The Top 0.1% – Keeping Pace with the Data Explosion?

I’ve been thinking a lot lately, as I do, about data.

When you work with something so closely, it is hard not to have the way you think about what you work with impact the way you think about other things in other parts of your life.

For instance, cooks don’t think about food the same way once they’ve worked in the kitchen; bankers don’t think about money the same way once they’ve seen a vault full of it; and analysts don’t think about data the same way, once they start constantly analyzing it.

The difference being, of course, that not everything is related to food or money, but everything is data if you know how to think like an analyst.

I remember when I was in elementary school as a young child and a friend of mine described to me the things of which he was afraid. We sat in the field behind the school and stared down at the gravel on the track.

“Think about counting every single pebble of gravel on the track,” he said. “That’s the sort of thing that really scares me.” He did seemed genuinely concerned. “Or think about counting every grain of sand on a beach, and then think about how many beaches there are in the whole world, and counting every grain of sand on every single one of those beaches. That’s the sort of thing that frightens me.”

The thing that scared my childhood friend was infinity; or perhaps not the infinite, but just very very large numbers – the quantities of the magnitude relating to that thing everyone is talking about these days called Big Data.

And that’s the sort of thing I’ve been thinking about lately.

I don’t remember the exact figure, but if you scour the internet to read up on our information age, and in particular our age of “Big Data” you will find statements similar to that below:

…. there has been more information created in the past year than there was in all of recorded history before it.

Which brings me to my point about the Top 0.1%.

Or, perhaps, to be more fair, probably something more like the Top 0.01%.

There is so much information out there.

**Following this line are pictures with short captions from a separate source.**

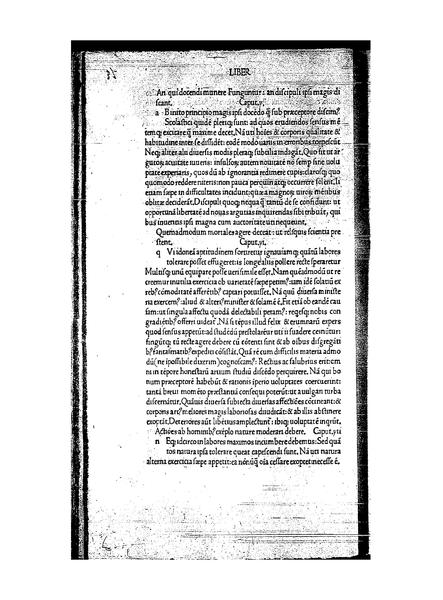File:De Dignoscendis Hominibus (Pedro Monte) 1492.pdf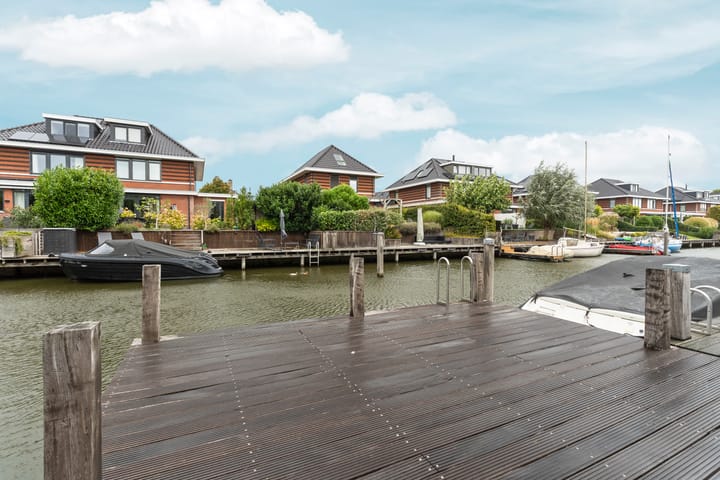 Photo 32 of Ankerbol 3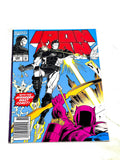 IRON MAN VOL.1 #286. VFN- CONDITION.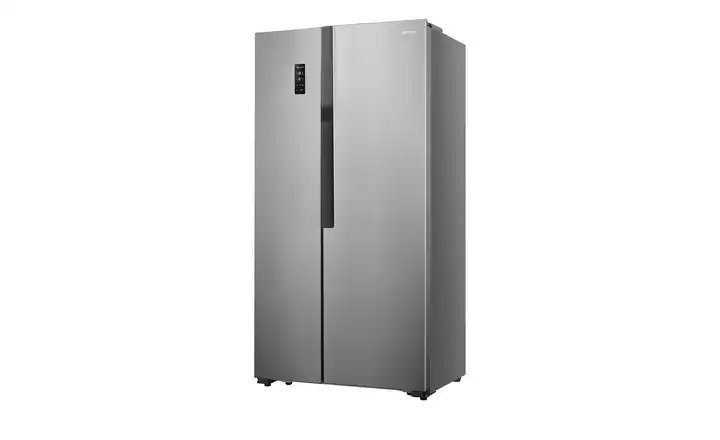 gorenjeSide by Side NRS918EMX Letzte 2 Tage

Every day around the world, every milliliter of gas pumped, every transaction at POS, every mouse click on millions of websites on the internet is being recorded, and creating more data.

Our capacity to record and store information has exploded exponentially.

But, perhaps somewhat critically, our ability to work with it and analyze it has not.

In the same way that The Ingenuity Gap talks about how the complexity of problems facing society is ever increasing but our ability to implement solutions is not matching that pace, we might be in danger of similarly finding the amount of information being recorded and stored in our modern world is exponentially increasing but our ability to manage and analyze it is not. Not only from a technological perspective, but also from a human perspective – there is only so much information one person can handle working with and keep “in mind”.

I know that many other people are thinking this way as well. This is my crude, data-centric take on what people have been talking about since the 1970’s – information overload. And I know that many other authors have touched on this point recently as it is of legitimate concern; for instance – acknowledging that the skill set needed to work with and make sense of these data sets of exponentially increasing size is so specialized that data scientists will not scale.

Will our technology and ability to manage data be able to keep up with the ever increasing explosion of it? Will software and platforms develop and match pace such that those able to make sense of these large data sets are not just a select group of specialists? How will the analyst of tomorrow handle working with and thinking about the analysis of such massive and diverse data sets?

Only time will answer these questions, but the one thing that seems certain is that the data deluge will only continue as storage becomes ever cheaper and of greater density while the volume, velocity and variety of data collected worldwide continues to explode.

In other words: there’s more that came from.